Record set |
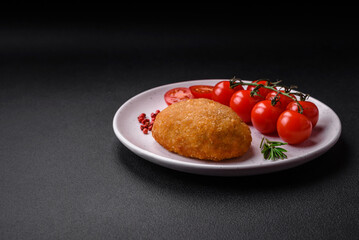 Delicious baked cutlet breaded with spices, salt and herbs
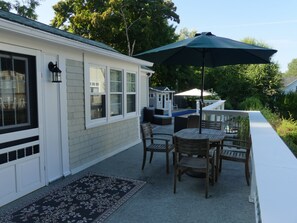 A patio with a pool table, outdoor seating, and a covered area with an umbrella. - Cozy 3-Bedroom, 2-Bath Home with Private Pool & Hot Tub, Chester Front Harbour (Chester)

* * *

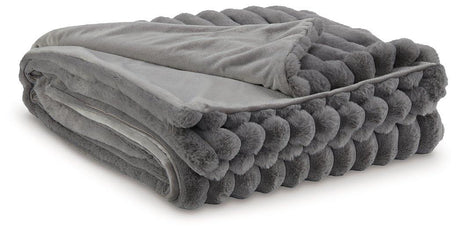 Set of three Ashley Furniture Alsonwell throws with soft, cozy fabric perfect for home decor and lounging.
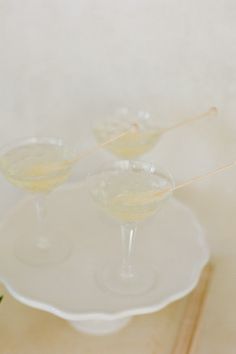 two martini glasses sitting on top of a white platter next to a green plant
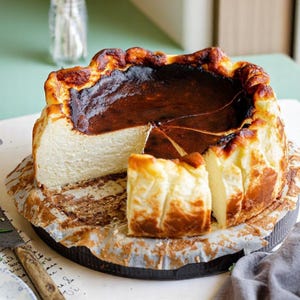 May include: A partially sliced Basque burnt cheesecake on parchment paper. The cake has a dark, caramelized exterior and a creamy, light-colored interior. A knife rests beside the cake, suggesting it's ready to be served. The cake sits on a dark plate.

Problem to work on | In the entries above, find the line containing "Set of three" and the line containing "two martini glasses"; give again exactly those two lines and every line between them, minus the pictures.

Result |
 Set of three Ashley Furniture Alsonwell throws with soft, cozy fabric perfect for home decor and lounging.
 two martini glasses sitting on top of a white platter next to a green plant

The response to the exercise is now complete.